Kemeriahan Lebaran di Kayuagung tak hanya diwarnai Midang Bebuke. Lomba sastra tutur ‘Cang Incang’ juga sukses menarik perhatian, khususnya dari kalangan generasi Z. Ajang ini bertujuan untuk menanamkan kecintaan dan pemahaman akan nilai-nilai budaya daerah di tengah gempuran teknologi digital.
Gubernur Sumsel, Herman Deru, menyampaikan kebanggaannya melihat kuatnya masyarakat OKI dalam menjaga tradisi.
“Saya sangat bangga melihat masyarakat OKI begitu kuat mempertahankan tradisinya. Generasi muda harus mengenal dan bangga dengan budayanya sendiri di tengah pesatnya perkembangan teknologi,” ujarnya dengan nada bangga.
Tradisi Cang-incang sendiri merupakan sastra lisan turun temurun masyarakat Kayuagung yang kerap ditampilkan dalam upacara pernikahan.
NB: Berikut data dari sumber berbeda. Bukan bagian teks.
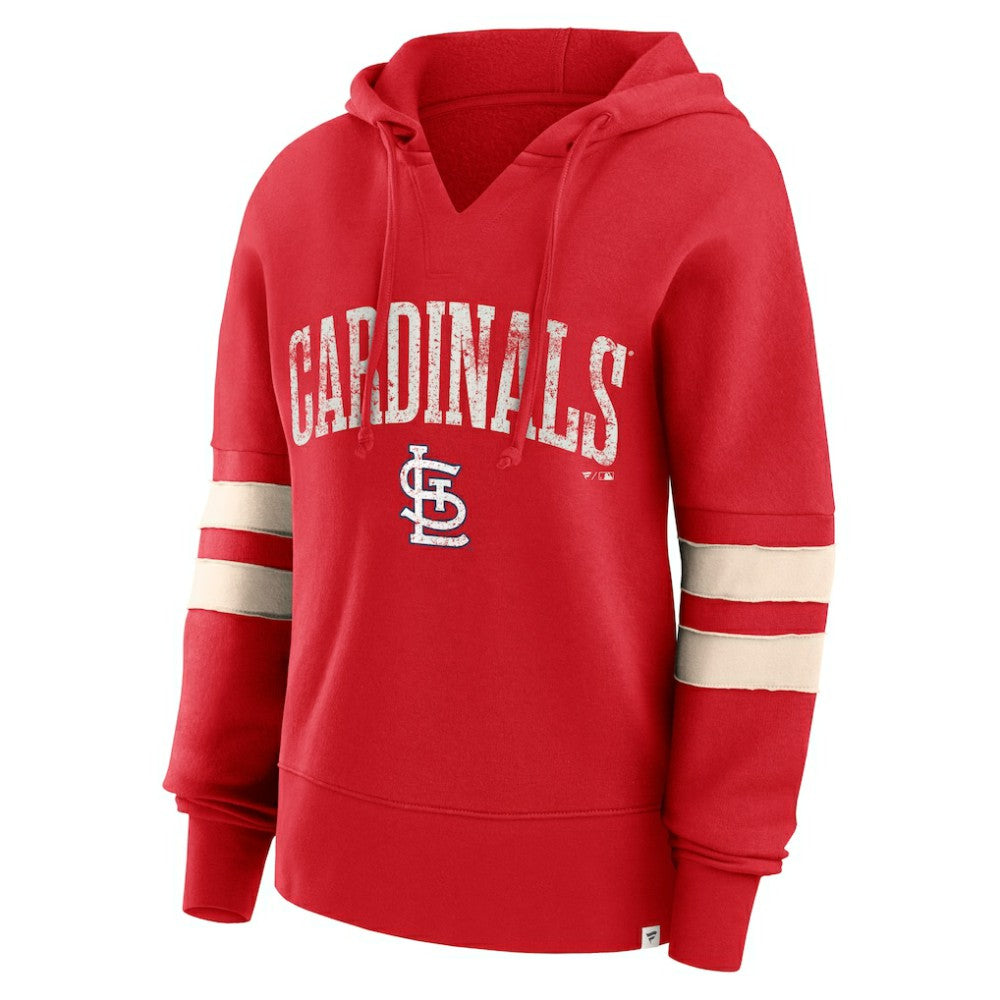 St. Louis Cardinals Fanatics Women's Bold Move Notch Neck High Hip Hoodie Outlet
Ciri khasnya terletak pada penggunaan kata-kata klasik dan ungkapan yang mencerminkan kearifan lokal. Lomba ini diharapkan dapat memunculkan generasi penerus yang akan terus melestarikan warisan leluhur ini.
Bupati OKI, Muchendi, menegaskan, Midang dan Cang Incang bukan lagi sekadar milik masyarakat OKI, melainkan telah berkembang menjadi warisan budaya tak benda tingkat nasional.
“Midang adalah jati diri dan identitas kita, bukan hanya masyarakat OKI, tetapi juga warisan budaya nasional yang menjadi perekat bangsa. Oleh karena itu, keberadaannya harus terus dijaga dan dilestarikan,” tandasnya.
Melihat antusiasme masyarakat yang tinggi dalam mengikuti rangkaian adat Midang tahun ini, Bupati Muchendi menyatakan kebanggaannya dan berjanji akan terus meningkatkan kualitas penyelenggaraan di tahun-tahun mendatang.
“Saya sangat bangga melihat semangat dan antusiasme kita semua di sini. Ini membuktikan bahwa budaya kita masih hidup dan terus menguat. Jangan pernah lelah untuk terus menjaga keragaman dan kedamaian di Ogan Komering Ilir ini, karena tempat ini adalah contoh yang kuat dalam menjaga warisan leluhur demi kedamaian di Sumatera Selatan,” pungkasnya.